The latest issue of Melbourne Wedding & Bride is the thickest I can recall. The photo shows the magazine with a copy of Better Homes & Gardens behind it. This shows that in the space Wedding & Bride takes I could fit five or six copies of Better Homes & Gardens.
The size of Melbourne Wedding & Bride imposes handling and merchandising costs for newsagents that are greater than we have for the average magazine. It’s for this reason that I think we need to have a commercial discussion with the publisher about compensation. A magazine distributor reasonably representing its retail partners would have already done this.
Melbourne Wedding & Bride is packed with advertising. I’d expect ad rates to have increased over the years, to certainly cover the cost of the larger publication. The fixed cover price and low gross profit of 25% leaves us worse off with the larger magazine today.

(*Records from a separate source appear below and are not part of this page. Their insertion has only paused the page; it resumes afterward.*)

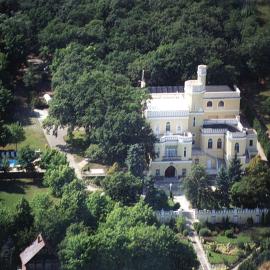 Sir David Balaton Castle Apartmanok, hotel di Balatonszepezd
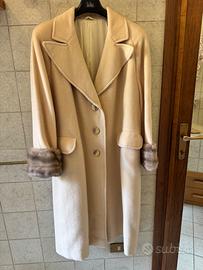 Cappotto con polsi in pelliccia
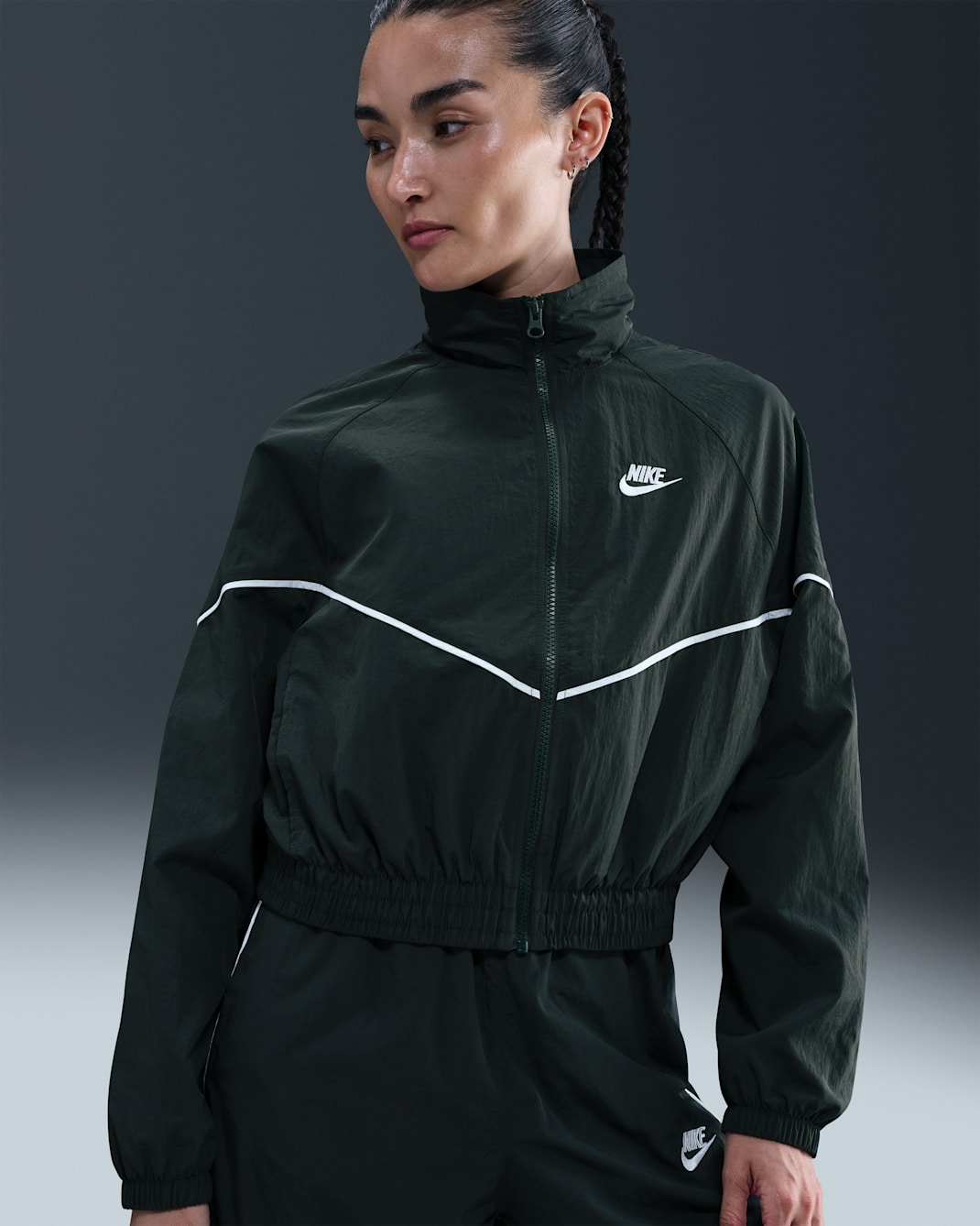Nike Sportswear Windrunner Women's Woven Jacket - Seaweed/Sail/Sail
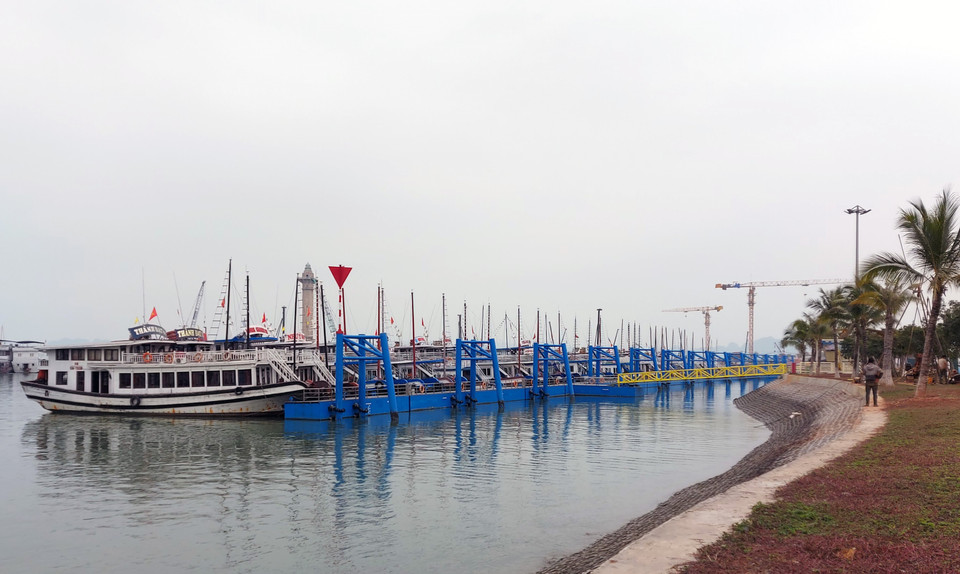 Các tàu du lịch tạm dừng hoạt động tại Cảng tàu du lịch quốc tế Hòn Gai do dịch COVID-19 (Ảnh: Văn Đức - TTXVN)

I’d like to see a size trigger set for magazines. Titles thicker than a centimetre, for example, should have a retailer surcharge that is fully passed on to newsagents. While not wanting to complicate things, I’d like the surcharge to apply based on time on the shelf to more accurately compensate the retailer for engaging their assets. This would be reasonably easy to organise.
I like Melbourne Wedding & Bride, it’s a good magazine that sells well over the on-sale period. That it is in a size category of its own is what puts it on my radar today.
This is a title that should be distributed in a staggered manner as it sells AND deserves a higher margin to compensate for the space it takes to display, after all it’s one big directory of advertisement that would be extremely profitable to the publishers but pays us poorly due to the low cover price.